With the retrieved documents, we can now generate a response using a language model via `replicate`. Make sure to set up your API key for Replicate.

In [36]:
import replicate

from google.colab import userdata
api_token= userdata.get('REPLICATE_API_TOKEN')
# Assume you've already set your replicate API key
client = replicate.Client(api_token=api_token)

# Concatenate retrieved documents as context
context = " ".join(retrieved_documents)

# Generate a response using a language model
response = client.run("ibm-granite/granite-3.0-8b-instruct", input={"prompt": f"{context} {query} base your response on the information provided",
                                                                      "temperature" : 0.7})
print("".join(response))

Python is indeed a popular programming language, especially in the field of machine learning due to its simplicity and extensive libraries such as TensorFlow and Scikit-learn. These libraries simplify the process of creating and training machine learning models.

Programming languages are tools that allow us to communicate instructions to a computer. They are used to create software, applications, and websites. Some other popular programming languages include Java, C++, JavaScript, and Ruby. Each language has its own strengths and is suited to different types of projects.

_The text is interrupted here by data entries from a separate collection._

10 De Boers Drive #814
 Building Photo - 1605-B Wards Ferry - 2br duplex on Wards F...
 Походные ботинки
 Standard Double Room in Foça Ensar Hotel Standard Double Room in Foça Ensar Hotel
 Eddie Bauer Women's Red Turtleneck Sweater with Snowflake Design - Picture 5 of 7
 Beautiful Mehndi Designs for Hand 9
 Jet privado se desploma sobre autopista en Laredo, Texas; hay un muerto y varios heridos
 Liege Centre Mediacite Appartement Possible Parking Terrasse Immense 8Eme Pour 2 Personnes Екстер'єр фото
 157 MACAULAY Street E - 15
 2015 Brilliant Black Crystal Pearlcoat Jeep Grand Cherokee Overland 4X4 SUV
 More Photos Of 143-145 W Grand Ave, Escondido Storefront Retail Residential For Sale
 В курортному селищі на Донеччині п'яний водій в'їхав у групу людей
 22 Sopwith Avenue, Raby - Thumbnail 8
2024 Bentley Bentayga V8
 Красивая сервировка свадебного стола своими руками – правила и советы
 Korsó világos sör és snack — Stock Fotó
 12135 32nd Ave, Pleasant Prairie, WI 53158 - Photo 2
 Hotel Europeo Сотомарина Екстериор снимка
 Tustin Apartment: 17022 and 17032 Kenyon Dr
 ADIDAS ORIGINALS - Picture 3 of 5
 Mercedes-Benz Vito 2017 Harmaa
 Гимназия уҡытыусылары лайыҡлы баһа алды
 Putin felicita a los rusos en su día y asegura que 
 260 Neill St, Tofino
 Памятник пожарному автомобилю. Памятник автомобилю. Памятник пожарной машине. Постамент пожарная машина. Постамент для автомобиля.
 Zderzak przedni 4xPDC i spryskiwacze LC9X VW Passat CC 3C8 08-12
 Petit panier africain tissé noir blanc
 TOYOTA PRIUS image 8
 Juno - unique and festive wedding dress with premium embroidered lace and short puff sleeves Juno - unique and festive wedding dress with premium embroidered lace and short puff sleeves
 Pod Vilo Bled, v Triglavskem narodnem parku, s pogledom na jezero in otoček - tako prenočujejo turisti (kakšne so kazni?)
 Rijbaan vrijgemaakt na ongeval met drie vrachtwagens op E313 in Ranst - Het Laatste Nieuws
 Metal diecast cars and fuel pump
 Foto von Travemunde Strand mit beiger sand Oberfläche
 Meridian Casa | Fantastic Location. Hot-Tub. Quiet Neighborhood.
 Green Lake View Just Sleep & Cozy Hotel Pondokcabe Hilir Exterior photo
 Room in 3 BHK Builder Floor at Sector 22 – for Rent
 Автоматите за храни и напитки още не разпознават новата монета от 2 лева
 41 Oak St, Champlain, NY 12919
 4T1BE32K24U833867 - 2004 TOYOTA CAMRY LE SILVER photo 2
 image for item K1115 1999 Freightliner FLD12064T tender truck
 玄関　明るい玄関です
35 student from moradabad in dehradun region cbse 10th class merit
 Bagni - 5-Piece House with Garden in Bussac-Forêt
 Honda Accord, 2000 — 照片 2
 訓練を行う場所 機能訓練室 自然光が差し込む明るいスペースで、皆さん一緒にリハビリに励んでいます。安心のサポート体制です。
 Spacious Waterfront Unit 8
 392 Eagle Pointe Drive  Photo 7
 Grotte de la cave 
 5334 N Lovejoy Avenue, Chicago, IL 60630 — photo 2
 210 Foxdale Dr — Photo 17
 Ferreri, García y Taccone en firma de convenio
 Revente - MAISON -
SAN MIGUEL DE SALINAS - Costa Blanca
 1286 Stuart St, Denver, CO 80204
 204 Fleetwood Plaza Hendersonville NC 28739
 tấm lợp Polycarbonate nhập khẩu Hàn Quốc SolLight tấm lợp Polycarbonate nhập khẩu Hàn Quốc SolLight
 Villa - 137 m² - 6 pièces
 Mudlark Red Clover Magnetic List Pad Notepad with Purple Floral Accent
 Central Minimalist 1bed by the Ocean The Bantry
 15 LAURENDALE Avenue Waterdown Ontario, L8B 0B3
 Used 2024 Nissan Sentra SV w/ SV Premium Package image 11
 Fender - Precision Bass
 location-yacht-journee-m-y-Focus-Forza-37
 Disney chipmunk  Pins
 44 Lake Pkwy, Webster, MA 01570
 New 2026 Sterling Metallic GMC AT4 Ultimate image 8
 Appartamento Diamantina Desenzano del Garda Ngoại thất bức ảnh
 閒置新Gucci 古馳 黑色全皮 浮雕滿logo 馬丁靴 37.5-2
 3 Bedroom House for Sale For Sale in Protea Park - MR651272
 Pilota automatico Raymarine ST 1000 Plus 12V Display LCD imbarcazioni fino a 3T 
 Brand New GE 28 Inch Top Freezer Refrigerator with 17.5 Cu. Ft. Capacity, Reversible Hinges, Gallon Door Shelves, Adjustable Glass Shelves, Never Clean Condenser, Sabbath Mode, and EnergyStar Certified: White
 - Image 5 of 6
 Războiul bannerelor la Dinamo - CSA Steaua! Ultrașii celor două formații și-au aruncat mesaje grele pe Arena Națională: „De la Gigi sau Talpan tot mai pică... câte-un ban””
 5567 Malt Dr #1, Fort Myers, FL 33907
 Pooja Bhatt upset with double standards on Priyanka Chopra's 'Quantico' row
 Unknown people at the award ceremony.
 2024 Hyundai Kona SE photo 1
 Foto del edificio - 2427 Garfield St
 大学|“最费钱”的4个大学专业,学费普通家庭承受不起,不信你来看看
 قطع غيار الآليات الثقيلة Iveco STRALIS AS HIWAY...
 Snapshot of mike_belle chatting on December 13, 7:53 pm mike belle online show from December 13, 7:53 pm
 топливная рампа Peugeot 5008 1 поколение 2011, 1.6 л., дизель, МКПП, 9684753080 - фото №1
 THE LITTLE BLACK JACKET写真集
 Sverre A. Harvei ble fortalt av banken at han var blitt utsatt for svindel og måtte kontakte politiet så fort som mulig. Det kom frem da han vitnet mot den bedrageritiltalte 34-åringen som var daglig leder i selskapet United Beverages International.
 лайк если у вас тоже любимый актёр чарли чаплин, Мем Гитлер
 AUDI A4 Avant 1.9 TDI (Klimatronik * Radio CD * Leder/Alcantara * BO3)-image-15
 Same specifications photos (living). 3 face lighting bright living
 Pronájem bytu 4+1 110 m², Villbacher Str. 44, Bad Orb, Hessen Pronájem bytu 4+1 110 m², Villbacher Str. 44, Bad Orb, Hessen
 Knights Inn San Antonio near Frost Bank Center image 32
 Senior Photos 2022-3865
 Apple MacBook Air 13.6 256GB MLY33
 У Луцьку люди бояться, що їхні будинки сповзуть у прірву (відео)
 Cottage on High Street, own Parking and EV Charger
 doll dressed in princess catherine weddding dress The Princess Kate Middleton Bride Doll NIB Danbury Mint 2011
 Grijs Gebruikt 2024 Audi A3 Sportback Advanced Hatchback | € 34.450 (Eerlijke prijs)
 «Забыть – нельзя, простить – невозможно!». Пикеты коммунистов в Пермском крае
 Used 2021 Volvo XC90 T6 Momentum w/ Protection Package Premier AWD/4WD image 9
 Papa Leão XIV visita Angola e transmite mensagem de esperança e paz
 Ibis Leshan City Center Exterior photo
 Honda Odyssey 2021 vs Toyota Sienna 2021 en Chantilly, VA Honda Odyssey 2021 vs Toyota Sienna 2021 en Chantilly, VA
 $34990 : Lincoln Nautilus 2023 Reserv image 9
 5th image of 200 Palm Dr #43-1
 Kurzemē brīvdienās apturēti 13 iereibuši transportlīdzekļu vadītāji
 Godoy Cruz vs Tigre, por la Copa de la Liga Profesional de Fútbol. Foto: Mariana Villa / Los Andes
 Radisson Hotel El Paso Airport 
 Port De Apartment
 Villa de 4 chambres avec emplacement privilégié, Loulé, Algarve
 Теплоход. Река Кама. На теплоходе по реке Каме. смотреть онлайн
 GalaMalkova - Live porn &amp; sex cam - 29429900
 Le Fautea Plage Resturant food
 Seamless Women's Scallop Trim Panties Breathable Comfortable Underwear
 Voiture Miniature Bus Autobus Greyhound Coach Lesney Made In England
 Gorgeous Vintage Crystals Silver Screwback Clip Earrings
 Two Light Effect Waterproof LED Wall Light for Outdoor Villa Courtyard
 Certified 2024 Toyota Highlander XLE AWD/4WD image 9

For instance, Java is known for its robustness and is often used for large-scale enterprise applications. C++ is a powerful language often used for system software, game development, and applications that require high performance. JavaScript is primarily used for web development, both on the client-side and server-side. Ruby is known for its simplicity and is often used for web development and automation.

In the con

## Conclusion

In this notebook, we demonstrated how to build a simple RAG application using `llama-index` for document retrieval and `replicate` for generating responses via a language model. This approach allows us to combine the strengths of information retrieval and generation, providing informative and contextually relevant answers.

In future notebooks we'll dive into the topics presented here in much greater detail.